The flanges 36 of the cage 14 serve to retain the nut 12. The flanges 36 have cutouts 44 which correspond generally to the shape of the main body 16 of the nut 12. The cutouts 44 are sized to restrict the movement of the nut 16 therein. In particular, as best shown in FIGS. 3a and 3 b, the cutouts 44 permit the nut 12 to move slightly away from the upper surface 38 of the cage 14 and also enable slight planar movement of the nut 12 generally parallel to the upper surface 38.
With reference now to FIG. 2, the cage nut fastener 10 is shown assembled. In order to assemble the nut 12 with the cage 14, the through bore 20 of the nut 12 is co-axially aligned with the aperture 40 of the cage 14. Next, the flanges 36 of the cage 14 are folded over the upper surface 38 of the base 18 of the nut 12.
A second alternate embodiment of the cage nut fastener 10 is shown in FIGS. 4-6, wherein common reference numbers are utilized herein. The alternative embodiment is based on the previous embodiment, including a nut 12 and a cage 14. Similar to the embodiments disclosed in FIGS. 1-3 b the nut 12 and the cage 14 are configured to span a large gap or hole 103 formed in an automotive component, which will be described in detail below.

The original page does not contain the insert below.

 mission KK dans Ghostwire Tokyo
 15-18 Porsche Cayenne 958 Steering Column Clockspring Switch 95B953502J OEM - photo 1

In the alternative embodiment, the single piece nut 12 includes a main body 100, a base 102 and a through bore 104 extending through both the main body 100 and the base 102. Coupling the main body 100 and base 102 is a transition portion 101. The main body 100 generally extends 10.7 mm to 12.6 mm above the base 102 with an outer diameter of 21.4 mm to 24.0 mm. The main body 100 is generally cylindrical, with an upper surface 106. The upper surface 106 may optionally include a plurality of triangular grooves 108 as shown by phantom lines. These triangular grooves 108 provide a coefficient of friction to ensure that the nut 12 is properly torqued.
The base 102 is generally oval in shape, however any shape suitable for the desired application would be within the scope of the present invention. The base 102 is has a width W of 35.1 mm to 39.7 mm and a length L of 43.2 mm to 48.3 mm. The base 102 has a top surface 110 and a bottom surface 112. The main body 100 mates with the top surface 110 of the base 102 via a defined concave radius R at the transition portion 101. Both the top surface 110 and the bottom surface 112 contact the cage 14 as shown in FIG. 5.
As shown in FIG. 6, the through bore 104 can be characterized by three sections: a top countersink 114, a middle threaded section 116 and a bottom countersink 118. The top countersink 114 has a diameter between 13.5 mm to 14.9 mm. The top countersink ensures the bottom of the fastener does not extend beyond the upper surface 106 of the main body 100. The middle threaded section 116 has threads as dictated by the particular fastener employed. Specifically, the number of threads and size of the threads is a function of the proof load required to meet a particular fastener class e.g. a Class 10 fastener.
The bottom countersink 118 has a diameter which is preferably equal to diameter of the hole 103 formed in the component. The bottom countersink 118 has a diameter between 23.47 mm to 26.67 mm at an angle ranging between about 90 degrees and about 125 degrees. The specific angle of the countersink is a function of the diameter of the hole 103 in the component and the diameter of the threaded through bore 104. The bottom countersink 118 which can be flat, concave or convex, facilitates the alignment of a fastener therethrough and further assists in the subsequent alignment of the joining surfaces (shown in FIG. 6).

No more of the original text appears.